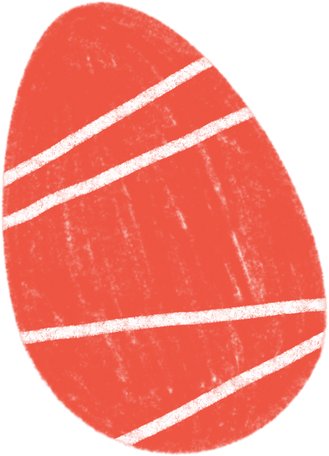 red egg with white stripes Illustration in PNG, SVG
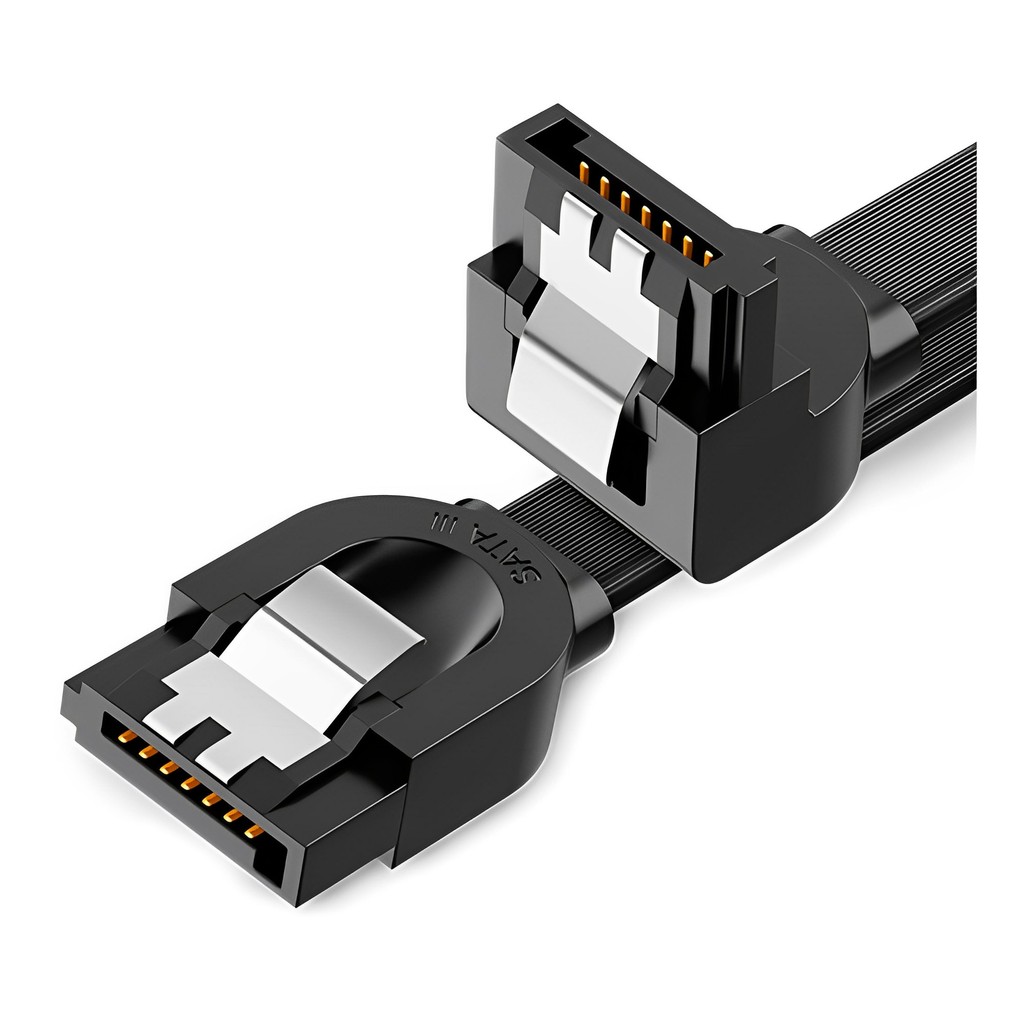 Cabo Sata Ugreen p/Sata 3 Ângulo Reto e 90° 0.5m Preto em Oferta na Shopee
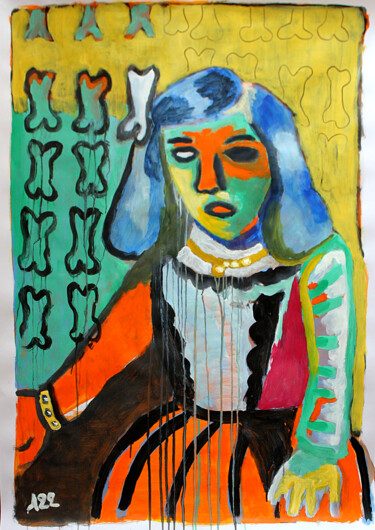 Painting titled "Ménine 3" by Eddy Legrand, Original Artwork, Acrylic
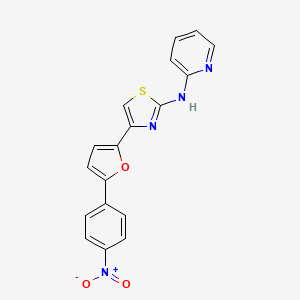 molecular formula C18H12N4O3S B11242042 N-{4-[5-(4-nitrophenyl)furan-2-yl]-1,3-thiazol-2-yl}pyridin-2-amine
========================
Every line from the one containing "Original Artwork, Acrylic" through the last line of the listing must be written out again exactly, and no other line. Leave the pictures aside.

Exercise solution:
 Painting titled "Ménine 3" by Eddy Legrand, Original Artwork, Acrylic
 molecular formula C18H12N4O3S B11242042 N-{4-[5-(4-nitrophenyl)furan-2-yl]-1,3-thiazol-2-yl}pyridin-2-amine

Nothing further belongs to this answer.